◆ **What needs to be done**:
Beginning with the first line below, please restate each line exactly, down to and including the line containing "TEPPICH Kurzflor 3D-Muster".

◆ **Provided material**:
_ _ _ _

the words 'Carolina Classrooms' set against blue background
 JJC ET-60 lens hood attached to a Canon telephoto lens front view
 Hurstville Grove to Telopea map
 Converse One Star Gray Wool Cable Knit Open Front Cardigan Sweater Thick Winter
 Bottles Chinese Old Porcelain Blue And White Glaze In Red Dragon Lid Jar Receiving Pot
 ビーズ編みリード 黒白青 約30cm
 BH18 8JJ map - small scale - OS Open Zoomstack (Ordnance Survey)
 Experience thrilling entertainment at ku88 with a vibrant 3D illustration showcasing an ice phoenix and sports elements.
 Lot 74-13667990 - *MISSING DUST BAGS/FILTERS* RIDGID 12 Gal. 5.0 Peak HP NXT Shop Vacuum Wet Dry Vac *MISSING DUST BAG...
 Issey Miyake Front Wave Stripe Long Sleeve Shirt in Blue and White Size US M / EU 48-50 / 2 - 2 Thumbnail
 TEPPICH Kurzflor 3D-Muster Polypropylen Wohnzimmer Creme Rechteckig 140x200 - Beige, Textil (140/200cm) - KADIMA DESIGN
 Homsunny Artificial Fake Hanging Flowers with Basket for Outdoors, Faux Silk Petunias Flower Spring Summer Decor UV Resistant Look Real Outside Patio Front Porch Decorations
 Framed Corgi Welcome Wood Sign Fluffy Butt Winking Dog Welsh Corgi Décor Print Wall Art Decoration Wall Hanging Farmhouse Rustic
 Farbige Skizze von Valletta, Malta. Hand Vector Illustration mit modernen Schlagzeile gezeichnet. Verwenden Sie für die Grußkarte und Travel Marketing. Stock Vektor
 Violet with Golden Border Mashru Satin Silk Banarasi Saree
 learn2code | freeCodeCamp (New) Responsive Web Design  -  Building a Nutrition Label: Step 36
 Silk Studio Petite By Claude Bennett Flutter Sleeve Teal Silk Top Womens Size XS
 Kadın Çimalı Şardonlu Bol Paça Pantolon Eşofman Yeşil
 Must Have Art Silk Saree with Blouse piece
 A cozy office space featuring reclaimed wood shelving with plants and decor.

_ _ _ _

◆ **Answer for the task**:
the words 'Carolina Classrooms' set against blue background
 JJC ET-60 lens hood attached to a Canon telephoto lens front view
 Hurstville Grove to Telopea map
 Converse One Star Gray Wool Cable Knit Open Front Cardigan Sweater Thick Winter
 Bottles Chinese Old Porcelain Blue And White Glaze In Red Dragon Lid Jar Receiving Pot
 ビーズ編みリード 黒白青 約30cm
 BH18 8JJ map - small scale - OS Open Zoomstack (Ordnance Survey)
 Experience thrilling entertainment at ku88 with a vibrant 3D illustration showcasing an ice phoenix and sports elements.
 Lot 74-13667990 - *MISSING DUST BAGS/FILTERS* RIDGID 12 Gal. 5.0 Peak HP NXT Shop Vacuum Wet Dry Vac *MISSING DUST BAG...
 Issey Miyake Front Wave Stripe Long Sleeve Shirt in Blue and White Size US M / EU 48-50 / 2 - 2 Thumbnail
 TEPPICH Kurzflor 3D-Muster Polypropylen Wohnzimmer Creme Rechteckig 140x200 - Beige, Textil (140/200cm) - KADIMA DESIGN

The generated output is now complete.